On Tue, 14 Nov 2017, Linus Torvalds wrote:
>
> But that really means that you can't just change what "ts_nsec" means
> - it's exported as "microseconds since boot".

That's true if sched clock is stable and high resolution and does not stop
during suspend.

So in reality this clock has random meanings depending on the hardware
properties. Really well "designed".

> Now, the important thing to keep in mind is that the kernel is not the
> _only_ source of these "_SOURCE_MONOTONIC_TIMESTAMP" things.
>
> In other places, systemd generates them itself, with
>
> ts->monotonic = now(CLOCK_MONOTONIC);
>
> where "now()" ends up using clock_gettime().
>
> End result? The kernel /dev/kmsg interface has to be at least
> "similar" to returning usec's comparable to CLOCK_MONOTONIC.

First of all sched_clock() and CLOCK_MONOTONIC can drift apart frequency
wise pretty bad.

Secondly, on a machine with non stop TSC sched_clock() advances by the time
the system spent in suspend, while CLOCK_MONOTONIC does not for historical
reasons. CLOCK_BOOTTIME does because that accounts for the time spent in
suspend, but then again using BOOTTIME for the user space time stamps does
not work on systems where sched_clock() stops in suspend.

So in terms of local machine correlation the only reasonable choice is
CLOCK_MONOTONIC especially when existing user space already tries to
correlate time via clock_gettime(CLOCK_MONOTONIC) based time stamps.

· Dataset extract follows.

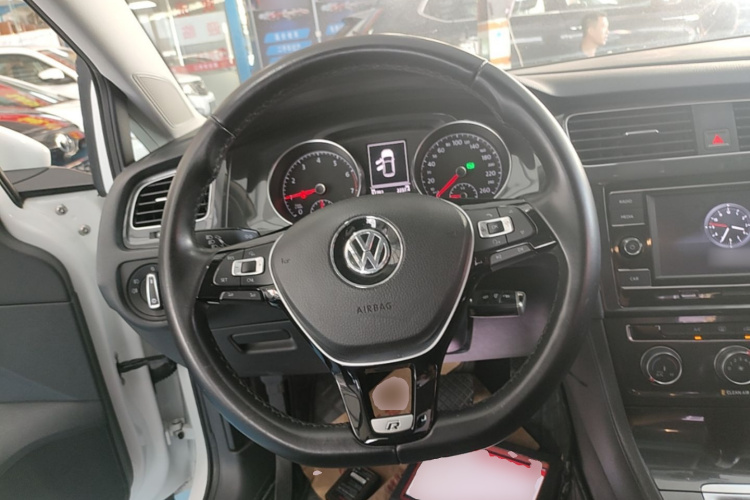 Volkswagen Golf 2018 car image #11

This works on all systems no matter which underlying hardware is used to
retrieve the timestamp. dmesg is not really a performance critical path, so
the few extra cycles which this might take more than using
local/sched_clock() are not an issue.

> This is why I would suggest just keeping the existing clock, and then
> adding clock events at _significant_ points. Somebody brought up the
> complete red herring of "every five minutes will fiill up the system
> log". That's complete BS. You do it when people change the system
> clock (and perhaps when NTP synchronizes), or after a suspend event,
> or maybe regularly every few _hours_ (and make that last part
> configurable).

I'm not worried about the system log spam, I'm more worried that we lose
exactly that last synchronization line due to buffer wrap around.

One possible solution which was discussed before is to have that extra
information in every dmesg timestamp. That means storing CLOCK_MONOTONIC as
the default timestamp and auxillary offsets for CLOCK_BOOTTIME and
CLOCK_REALTIME. Thats simple enough to achieve as we can access that
information via the NMI safe time accessors. Needs a new function, but
thats trivial.

The interesting question is how to print out that information. We can do it
unconditionally, but that might confuse existing tools. A command line
option and a sysfs knob to enable the printout of these extra bits might
make this work.

Thanks,

tglx